Try 30,000 for Argentina, after training at Fort Benning the operatives put their training to good use?
The US and the CIA has been at it for longer than 5 years. The CIA has been dirty for decades
http://www.desaparecidos.org/arg/tort/eng.html
Operation Condor and Argentina's Dirty War
Main articles: Operation Condor and Dirty War
Pictures of disappeared during a Mother's demonstration at Plaza de Mayo.
During Argentina's "Dirty War" and operation Condor, political dissidents were forced to jump out of airplanes far out over the Atlantic Ocean, leaving no trace of their passing. Without any dead bodies, the government could deny they had been killed. People murdered in this way (and in others) are today referred to as "the disappeared" (los desaparecidos), and this is where the modern use of the term derives. An activist group called "Mothers of the Plaza de Mayo", formed by mothers of those victims of the dictatorship, were the inspiration for a song by Irish rock band U2, Mothers of the Disappeared (see also the Valech Report for Chile). Rubén Blades also composed a song called "Desaperecidos" in honor of those political dissidents. The Mexican rock group Maná covered the song in their album "Maná: Unplugged." Boris Weisfeiler is thought to have disappeared near Colonia Dignidad, a German colony founded by Nazi Paul Schäfer in Chile which was used as a detention center by the DINA, the secret police.
Between 1976 and 1983, in Argentina, it is thought that up to 30,000 dissidents (9,000 according to the official report by the CONADEP [2]), and people connected to them, were subject to forced disappearance under the military junta that was in power. From bits and pieces of information collected from military officers involved in the so-called "Dirty War", many victims were sedated and dumped from airplanes into the Río de la Plata (today these are called vuelos de la muerte, death flights). Other people were held in torture and detention centres; the most notorious one was the Navy's Mechanics Training School (ESMA) in the Núñez district of Buenos Aires.

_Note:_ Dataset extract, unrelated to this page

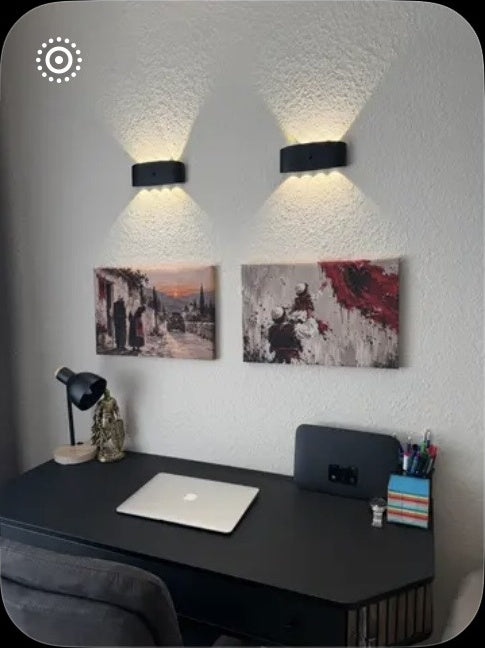Zwei Leinwände bei einem Kunden zuhause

Many women gave birth in captivity, and their children were given illegally in adoption to families of military or police personnel, or their friends, while their mothers were killed soon after. The task of locating these children and restoring their lost identity has been going on ever since the restoration of democracy in 1983, and has been key in unveiling the atrocities committed by some people otherwise protected by the laws that mandated an end to the trials of former military government officials, or by the pardon granted by President Carlos Menem in 1999, since appropriating children from their mothers is a crime that lies outside the scope of military procedures, and thus also outside any kind of amnesty law or pardon that implies orders in a military context.

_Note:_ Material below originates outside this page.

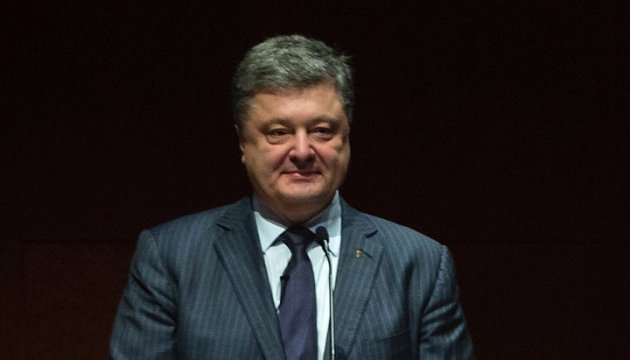 Poroshenko meets Vice President Biden, dines with President Obama today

http://en.wikipedia.org/wiki/Forced_disappearance
But in five years the US is already up to 2000
The Disappeared
Since 11 September last year, up to 2,000 people in the United States have been detained without trial, or charge, or even legal rights. The fate of most is unknown. Andrew Gumbel investigates a scandal that shames the land of the free
http://www.commondreams.org/views02/0226-08.htm
It was never clear exactly how many men, women and children were killed when Haitian troops and paramilitaries stormed through the seaside town of Raboteau in April 1994. Some of the bodies were buried in shallow graves where they were gnawed by animals, while others were flung into the ocean. At least two dozen people, and perhaps as many as 100, died.
Next week, nearly 13 years after the incident, a court in Miami will hear a case for damages against a former Haitian army officer convicted in relation to the killings. Col Carl Dorélien must be ruing his luck: had he not won millions of dollars on the Florida lottery after he fled from Haiti, it is unlikely lawyers would now be on his trail.

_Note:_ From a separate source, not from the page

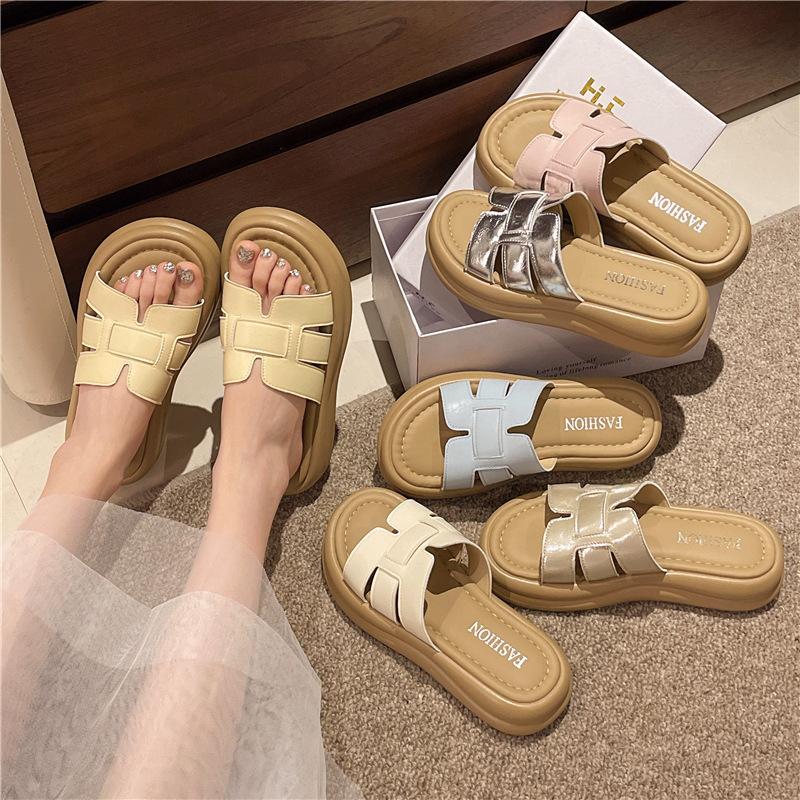 Internet Celebrity Slippers Women Summer Wear 2025 New Thick Bottom Muffin Heightened Soft Bottom H Go Out To Wear Cool Slippers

No one alleges that Col Dorélien was personally involved in the killings, carried out when the Caribbean nation was ruled by a military junta which had, with the assistance of the CIA, ousted the elected president, Jean-Bertrand Aristide. But Col Dorélien was a member of the army's high command, and was responsible for discipline and military justice.
http://news.independent.co.uk/world/...cle2278036.ece
All the little CIA backed regimes, why not include all of them, tell me when the “Terrorist” totals get past that and I dig up a few more examples for you.
And you thought the terrorist had dirty hands?